Like McArdle, Reason magazine's health care writer, Peter Suderman, doesn't quite fall into line for Halbig Truthers. But he infuses Gruber's remarks with the kind of monumental significance he does not accord to any of Gruber's other statements, or the statements of dozens of other key Democratic aides, the director of the Congressional Budget Office, or this former Republican Finance Committee staffer—an “inverse Gruber" if you will.

The appeal of the Halbig-Truther theory is simple. Trying to take health insurance away from five million people on an admitted technicality doesn't wear well. It wears much better if you pretend that's what Obamacare's creators wanted. It also entails asking judges to uphold the law as written and intended, rather than as scolds for legislative syntax and diction. “Liberals feared some states wouldn't set up exchanges, so they deliberately wrote incentives into the law so the states would do so," according the editors of the Wall Street Journal. "This was the conventional liberal wisdom until this year when it suddenly became legally and politically inconvenient for the Administration to admit it."

The one thing about conventional wisdom is that it's easy to evince. If this were the “conventional liberal wisdom” the right would have no shortage of smoking guns, let alone just the Gruber imbroglio, which is more like a dribbling water pistol.
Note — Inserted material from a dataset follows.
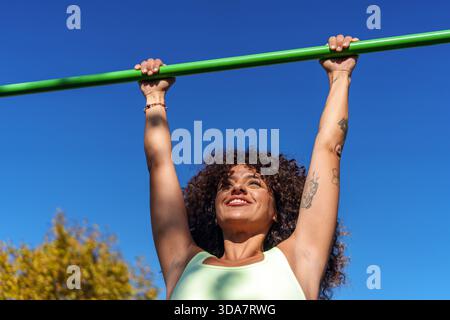 Woman hanging from a horizontal bar, smiling and looking up, engaged in a calisthenics workout for physical strength outdoors Stock Photo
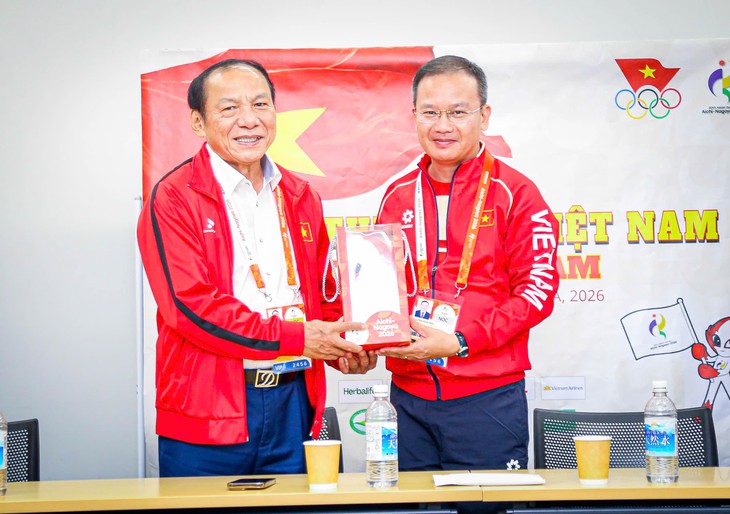 Chủ tịch Ủy ban Olympic Việt Nam 'tiếp lửa' cho đoàn thể thao Việt Nam trước giờ khai mạc Asiad 20 - Ảnh 2.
By contrast, there’s plenty of evidence for the conventional wisdom that, irrespective of statutory text, Democrats intended for subsidies to flow everywhere no matter what, and that Halbig Truthers came to their position out of convenience.

To take yet another example, evidence suggests states were completely silent about the availability of subsidies when deciding whether or not to establish their own exchanges. That’s not how spending power incentives work. Awareness of the incentive is key to its effectiveness. Per Michael Hiltzik, burying the incentive would be like building a Strangelovean doomsday deterrent device and then keeping it a secret from the world.

Even the CATO Institute’s Michael Cannon—an original Halbig Truther—once understood the challenge in Halbig as a referendum on statutory draftsmanship, rather than Congressional intent, until, to coin the Wall Street Journal, it suddenly became legally and politically inconvenient to admit it. In September 2011, he called it a “glitch.” In a December 2011 podcast, Cannon explains to his interlocutor, “It’s not clear whether [universal subsidies] was Congress’ intent. Certainly some people who endorsed—who support Obamacare want the law to operate that way. But that’s not the way the law was drafted, and passed and signed into law by the President…. What the administration’s supporters are arguing is that when Congress’ intent is ambiguous, then the courts will, or should, give deference to the executive branch in interpreting Congress’ intent. But increasingly what the Supreme Court has said is that no, it’s not Congress’ intent that has to be ambiguous for us to give the executive this sort of deference—the language of the law has to be ambiguous.”

Now I think he was being a little bit coy and a little bit too eager. I’d argue that Congress’ intent wasn’t ambiguous at all, and that the language of the law is at worst ambiguous, and, when read in toto, quite clear that residents in every state would get subsidies no matter what. He took the other side of that argument. What he wasn’t doing is asserting that Democrats miscalculated and are now trying to rub erasers over their bad math.

That’s what the Halbig argument has become, though—an attempt to create an epistemological grey area where none existed.

If you’re an activist attempting to dismantle Obamacare by any means necessary, that’s strategery. But if you’re a health care journalist playing along, you’re implicitly repudiating your reportage from 2009 through 2014, and calling your own integrity into question.